A Silent March to commemorate the life of Dr. Martin Luther King, Jr. will take place today at noon, starting in front of Cheadle Hall.
This year marks the sixth annual Silent March organized by the Alpha Phi Alpha fraternity at UCSB.
“The march pays tribute to the non-violent civil rights activism promoted by the late Rev. Dr. Martin Luther King, Jr.,” APA President Chris Newman said.
King was an APA member, and chapters across the country are celebrating his legacy by holding campuswide marches.
The annual Silent March was designed not only to pay tribute to the life and achievements of Dr. King, but also to further an ongoing struggle for equality, APA member K.C. Mmeje said.
“As participants march in silence, we ask that they reflect on the life and legacy of Dr. King,” Mmeje said. “We ask them to reflect on our current struggle and the role they play in that struggle for civil liberties and equality.”
“The goal is to pull the entire UCSB community together for at least one hour and celebrate a great American hero and one of the most significant African-Americans ever,” APA adviser John Mitchell said.

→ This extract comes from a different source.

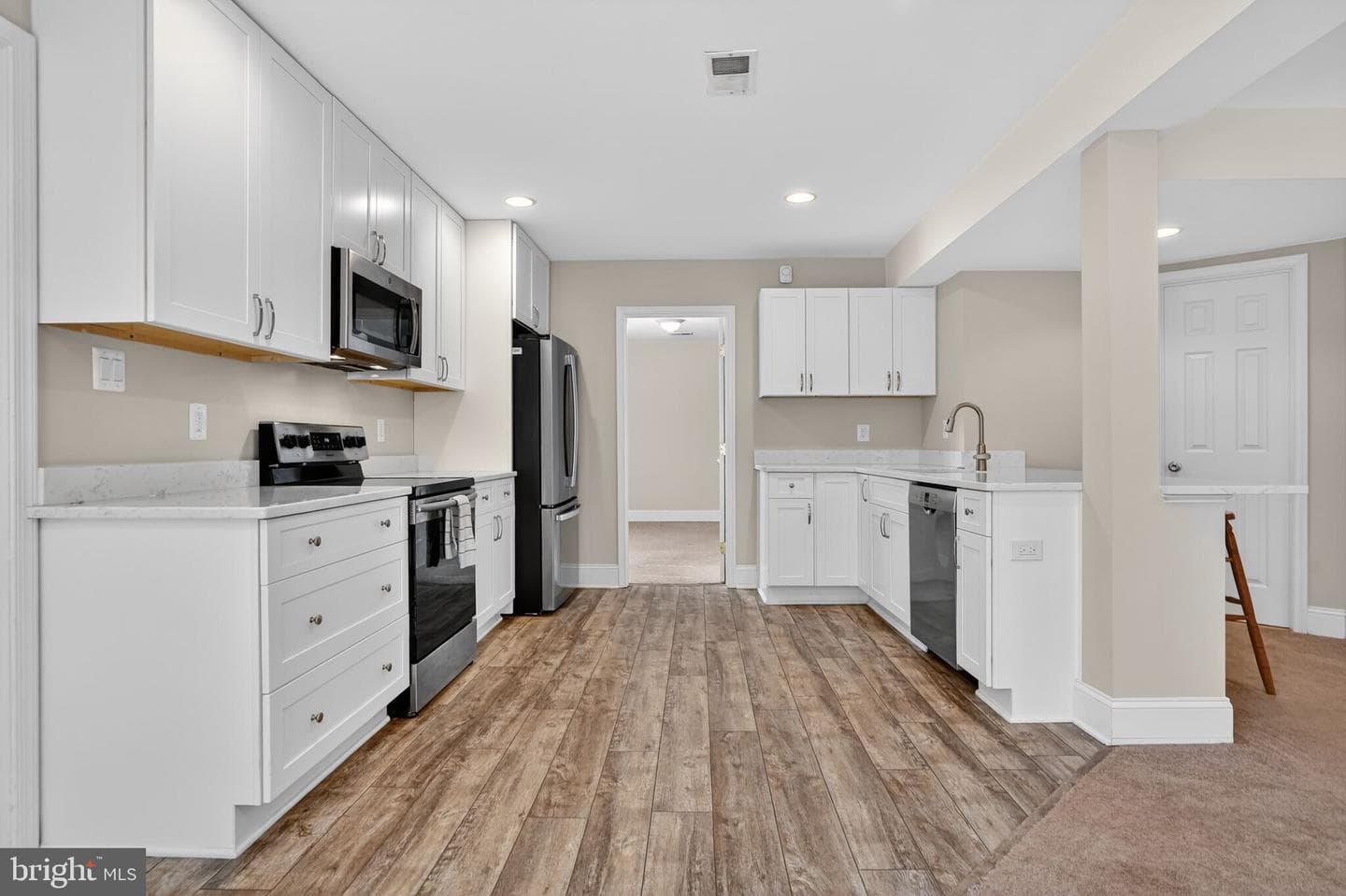 10223 Cedar Pond Drive photo 34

Mitchell said that APA is a black, nationwide fraternity whose chapters have been historically founded on predominantly white college campuses
“[APA’s] academic and community service achievements have been huge when you think and understand some of the daily challenges students of color face at UCSB,” Mitchell said. “This event will provide an opportunity to join all races, ethnic groups, sexual orientations and religious differences together in peace for the honoring of the Rev. Dr. Martin Luther King, Jr.’s birthday.”

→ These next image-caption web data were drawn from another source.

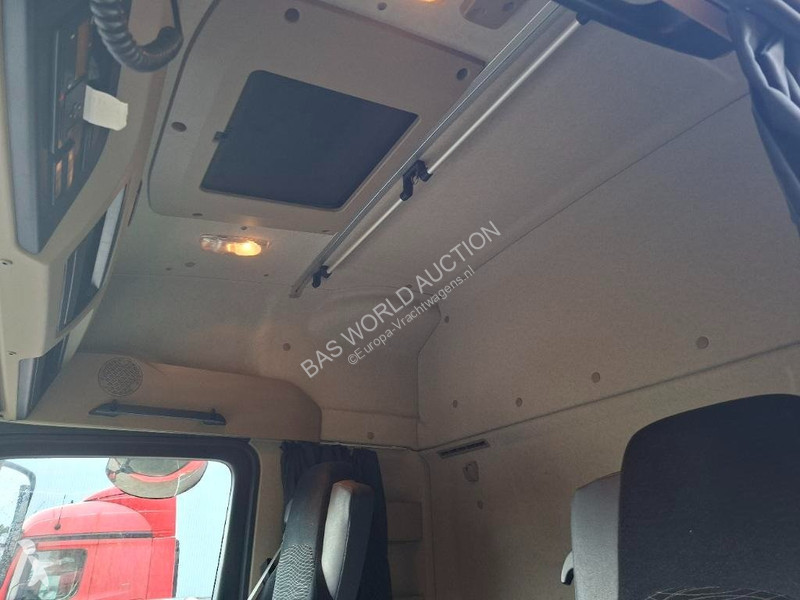 Mercedes actros 1942 truck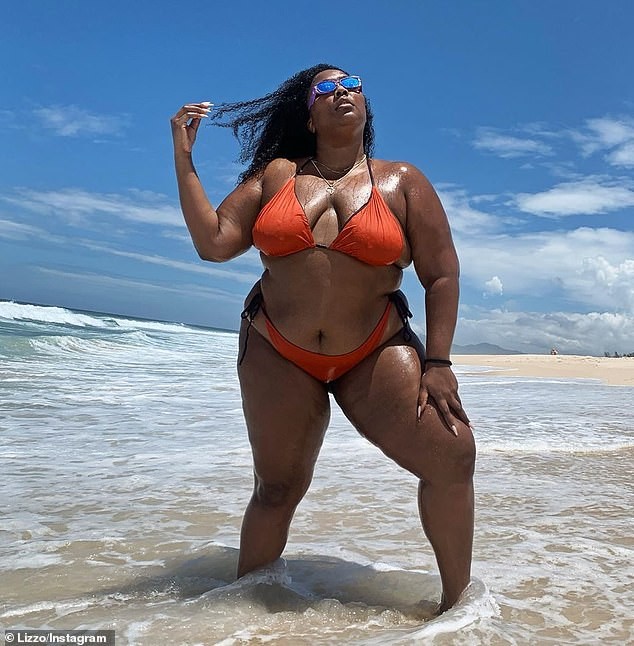 Nàng béo Lizzo tự tin diện bikini hai mảnh, khoe hình thể ngoại cỡ - ảnh 1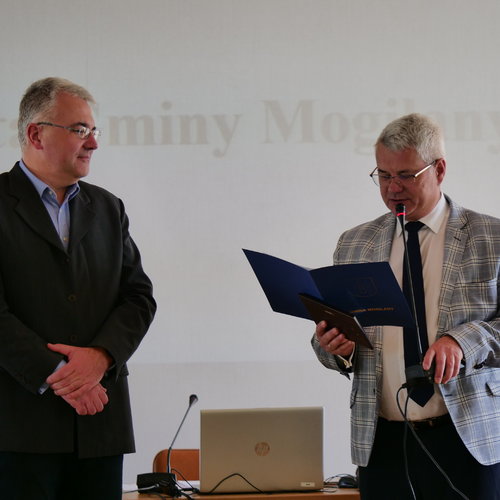 Obraz główny aktualności o tytule Konkursy na dyrektorów szkół i przedszkola rozstrzygnięte.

Those who wish to participate in the Silent March can meet at Cheadle Hall today at 11:45 a.m. The march will end near the Women’s Center and conclude with a keynote speech from Newman and musical entertainment by Antara & Delilah.
“I always look forward to and appreciate the Silent March,” Vice Chancellor for Student Affairs Michael Young said. “I think that the fact that it is silent and the dignity with which the brothers conduct the march is a powerful symbol to represent the great Dr. Martin Luther King.”